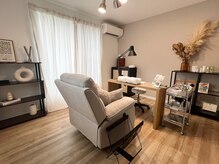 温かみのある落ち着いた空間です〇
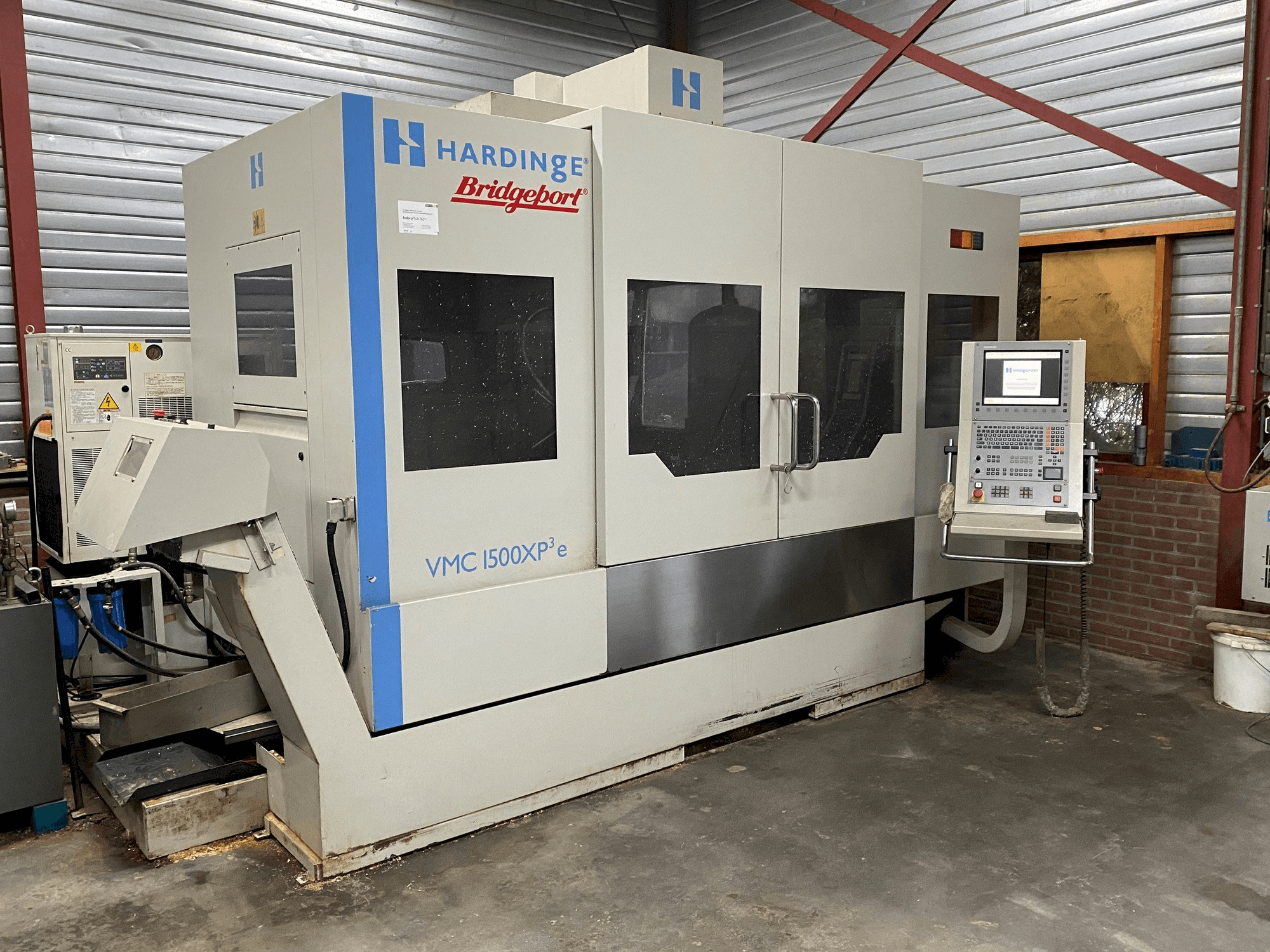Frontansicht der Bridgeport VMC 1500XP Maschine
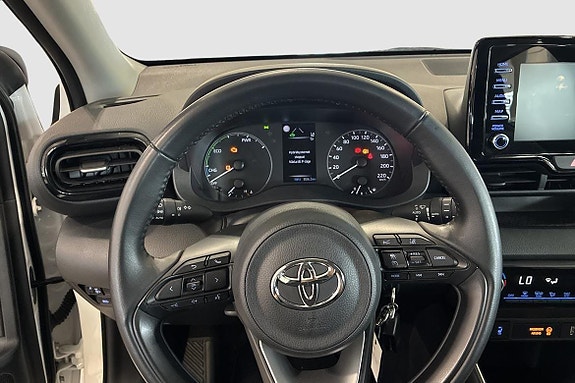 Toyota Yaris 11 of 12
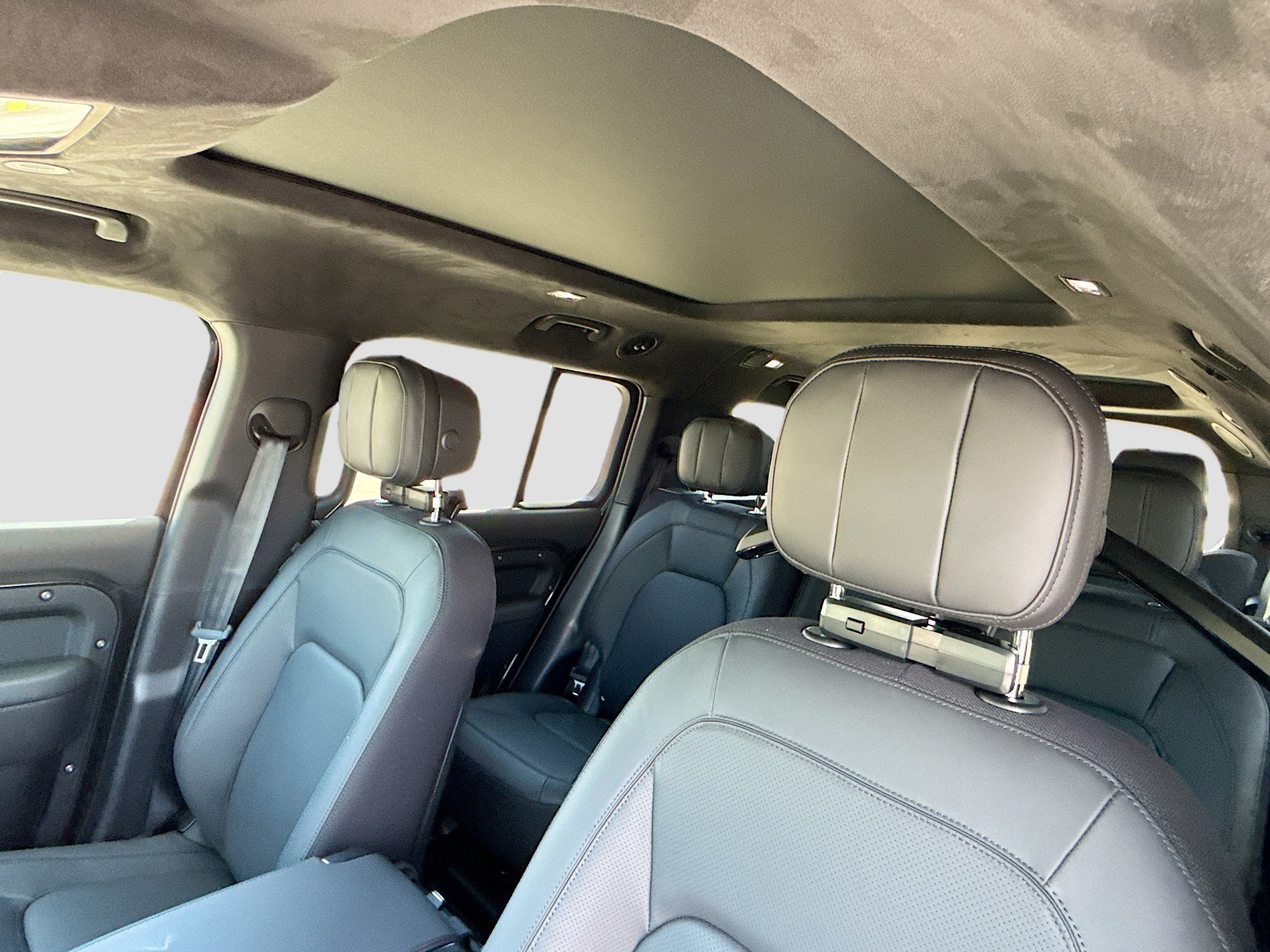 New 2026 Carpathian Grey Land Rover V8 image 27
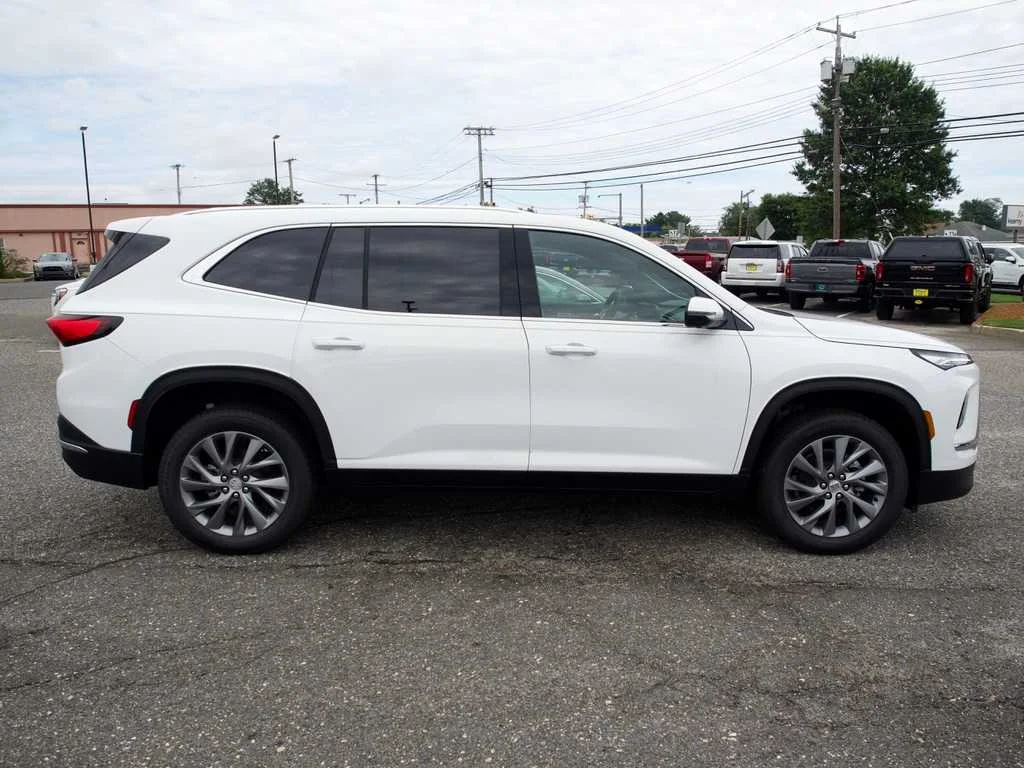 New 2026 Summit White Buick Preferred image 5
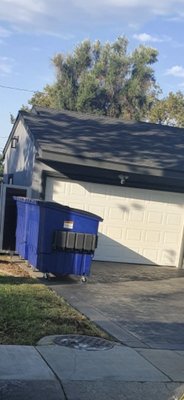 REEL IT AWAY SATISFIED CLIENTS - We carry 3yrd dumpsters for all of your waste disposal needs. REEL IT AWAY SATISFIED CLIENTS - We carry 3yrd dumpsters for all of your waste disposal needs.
----------
**WHAT IS BEING ASKED**
From the first line to the last, set down the records word for word and drop the images.

**EXERCISE RESPONSE**
 温かみのある落ち着いた空間です〇
Frontansicht der Bridgeport VMC 1500XP Maschine
 Toyota Yaris 11 of 12
 New 2026 Carpathian Grey Land Rover V8 image 27
 New 2026 Summit White Buick Preferred image 5
 REEL IT AWAY SATISFIED CLIENTS - We carry 3yrd dumpsters for all of your waste disposal needs. REEL IT AWAY SATISFIED CLIENTS - We carry 3yrd dumpsters for all of your waste disposal needs.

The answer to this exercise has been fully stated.